---------- Material for this exercise

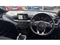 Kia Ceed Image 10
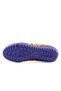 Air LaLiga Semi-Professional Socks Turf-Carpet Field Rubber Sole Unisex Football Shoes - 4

--------------------
---------- Material for this exercise

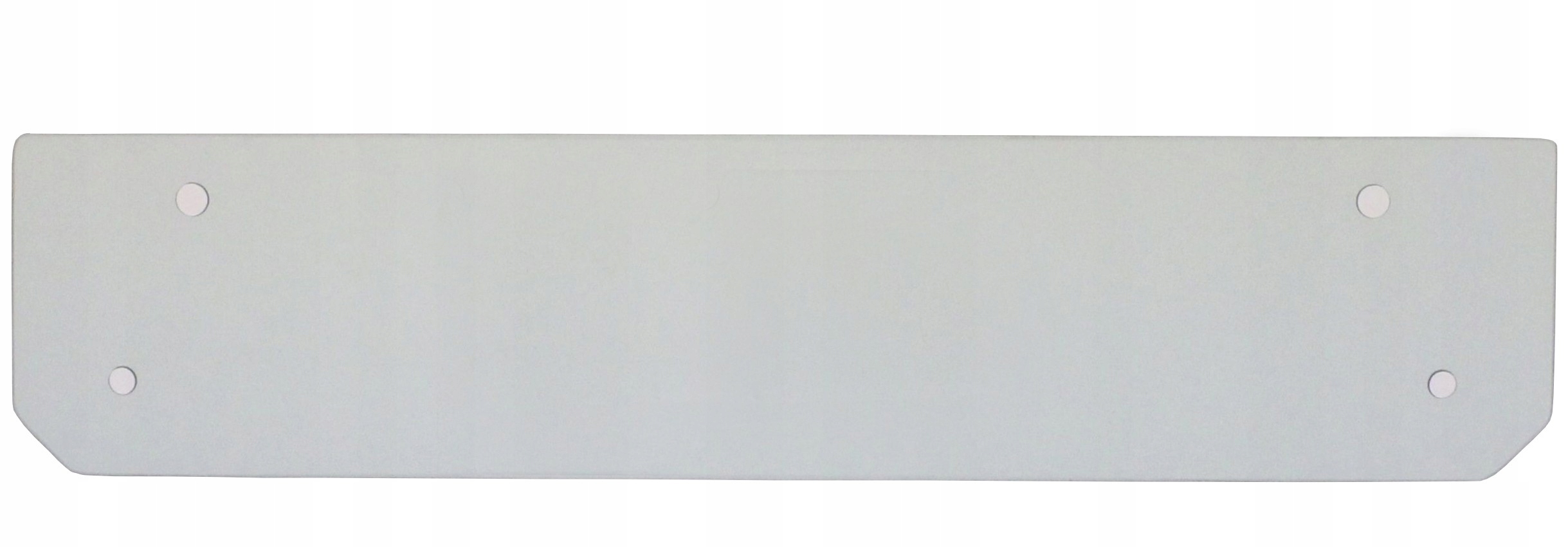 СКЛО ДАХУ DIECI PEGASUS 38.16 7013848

--------------------

From the records above, copy exactly the stretch from the line holding "Kia Ceed Image 10" through the line holding "Air LaLiga Semi-Professional", both ends included, without the pictures.

 Kia Ceed Image 10
 Air LaLiga Semi-Professional Socks Turf-Carpet Field Rubber Sole Unisex Football Shoes - 4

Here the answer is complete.